Ferret vs. mysql fulltext

Onur_T · December 13, 2005, 4:17pm

On 12/13/05, Abdur-Rahman A. [email protected] wrote:

David,

Are you trying to make a lucene compatible project? or a similar
project? Because I think with the possibilities of ruby, in time it
would be possible to go beyond what possible in java…

Very good question. At the moment I’m trying to stay compatible. But
if I get enough contributers I’ll consider forking off. Lucene is
quite a large project with a lot of contributers so it might be hard
to push ahead of them.

Really great project, I hope to be able to contribute, my C skill are a
little old (10 years orso) maybe I can help you out on the ruby end for
improvements…

Any help is appreciated. Just recommending Ferret is going to help the
project in the long run so I thank you for that. Also contributing to
the wiki is very important.

Thanks,
Dave

Onur_T · December 13, 2005, 8:46pm

On Dec 13, 2005, at 12:54 PM, Abdur-Rahman A. wrote:

The java version is really heavy a.t.m. (just to mention it ;)),
but your quite right, search querie’s can’t be cached very easily.
So writing optimized code is very important.

What do you mean by “heavy”? I guess I’m being a bit defensive
about Java Lucene. I’m not understanding your negatives to Java
Lucene other than your preference for Ruby. It still remains to be
seen how performant and optimized Ferret can be compared to Java
Lucene. My hunch is that porting to C will make it slightly faster
in spots, but whether it is worth the headaches of maintaining the
port is my question.

Pythonic API. In order to avoid porting every time Java Lucene
changes (which is where the guru creator Doug Cutting spends his
effort), it would be a simple recompilation (and perhaps some API
glue).

Thats a very good idea, but compiling java sound weird :). David
have you considered this? I wonder how will it would integrate…

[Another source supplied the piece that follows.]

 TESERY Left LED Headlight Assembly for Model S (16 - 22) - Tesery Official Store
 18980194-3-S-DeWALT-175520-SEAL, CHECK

PyLucene is fast. Super fast.

Erik

Onur_T · December 13, 2005, 9:13pm

What do you mean by “heavy”? I guess I’m being a bit defensive
about Java Lucene. I’m not understanding your negatives to Java
Lucene other than your preference for Ruby. It still remains to be
seen how performant and optimized Ferret can be compared to Java
Lucene. My hunch is that porting to C will make it slightly faster
in spots, but whether it is worth the headaches of maintaining the
port is my question.

I think I am sounding more negative then I am : ) I repeat I like lucene
for most of the project, but for something like a large scale search
engine, its maybe a better I think, to have a C implementation. Some
project we have used Clucene or lucene4c (I don’t remember, I was
projectleader) and it was much faster then using lucene. I was only
mentioning making the C port as it maybe faster to implement this.

PyLucene is fast. Super fast.

Erik, you are the expert, I am just trying to learn as I go along…
thnx for your feedback : )

Onur_T · December 13, 2005, 8:12pm

I’m not sure yet what’s best. I haven’t built that part of my app yet
and am
still working through the design. I’m just trying to think through the
best
approach for now. Do you have pointers to docs that can provide some
basic
‘rules of thumb’ for design - like when to store docs in a database and
run a
search on the index -v- when to store docs in the index directly?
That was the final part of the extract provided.